- Genre: True Crime, Comedy, Commentary, Arts

Cast and voices
- Hosted by: Rebecca Lavoie, Kevin Flynn, Toby Ball, Lara Bricker

Technical specifications
- Audio format: Podcast (via streaming or downloadable MP3)

Publication
- No. of episodes: 395 (as of June 24, 2021)
- Provider: Partners in Crime Media
- Updates: Twice Weekly: Mondays and Thursdays

Related
- Website: www.crimewriterson.com

= Crime Writers On =

Podcast that reviews true crime

Crime Writers On... (sometimes stylized as Crime Writers On or CWO) is a twice weekly podcast hosted by four American true crime authors: Rebecca Lavoie, Kevin Flynn, Toby Ball, and Lara Bricker. The podcast started on December 12, 2014, as a commentary on and review of the hit true crime podcast Serial. Crime Writers On grew to cover journalism and a variety of crime-related pop culture topics including other podcasts, films, and television shows. The panel often provides updates on the real life cases discussed in previous episodes as they develop.

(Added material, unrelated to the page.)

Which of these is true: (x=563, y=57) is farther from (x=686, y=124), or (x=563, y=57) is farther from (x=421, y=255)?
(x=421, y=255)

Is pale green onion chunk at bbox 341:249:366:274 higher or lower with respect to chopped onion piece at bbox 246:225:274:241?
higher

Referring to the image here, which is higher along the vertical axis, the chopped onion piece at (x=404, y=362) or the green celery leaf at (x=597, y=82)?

In March 2018, Crime Writers On won the Discover Pod's Podcast Madness 2018, a March Madness style competition for podcasts.

== Hosts ==
Rebecca Lavoie is the Director of On Demand Audio at New Hampshire Public Radio. Lavoie previously worked as a freelance journalist and has co-authored five true crime books with her husband Kevin Flynn. Lavoie also works as a producer, host, or co-host on several other podcasts. She has appeared as an expert on true crime shows, including on Investigation Discovery.

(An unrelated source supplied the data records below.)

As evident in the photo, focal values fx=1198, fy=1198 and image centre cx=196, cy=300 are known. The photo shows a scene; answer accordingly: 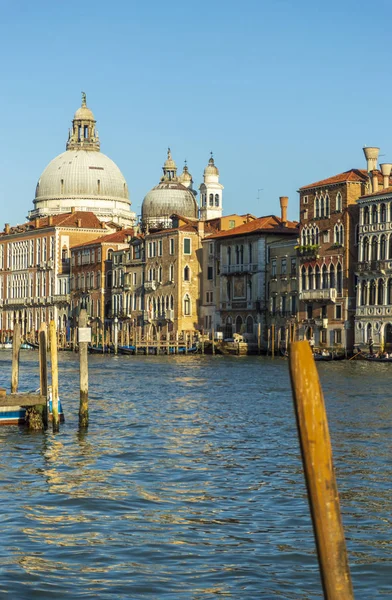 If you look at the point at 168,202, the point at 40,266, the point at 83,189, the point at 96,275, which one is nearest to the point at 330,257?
the point at 96,275

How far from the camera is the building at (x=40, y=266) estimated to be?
104m

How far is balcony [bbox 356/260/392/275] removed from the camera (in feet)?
207

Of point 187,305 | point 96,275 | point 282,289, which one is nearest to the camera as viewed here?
point 282,289

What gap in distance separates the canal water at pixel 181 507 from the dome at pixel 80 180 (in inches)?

Kevin Flynn, Lavoie's husband and co-author, is a journalist and the author of additional books including American Sweepstakes and Wicked Intentions. Flynn regularly appears as an expert on true crime television programs, including, Deadly Sins, Unusual Suspects, and On the Case with Paula Zahn. He also co-hosts of the Law & Order podcast These Are Their Stories, with Lavoie.

Toby Ball is a crime noir novelist who has written three books. Ball is also the Program Director of the Crimes Against Children Research Center at the University of New Hampshire. He runs the Partners in Crime Media account on Patreon and hosts other podcasts including Radio Free Dystopia and Strange Arrivals.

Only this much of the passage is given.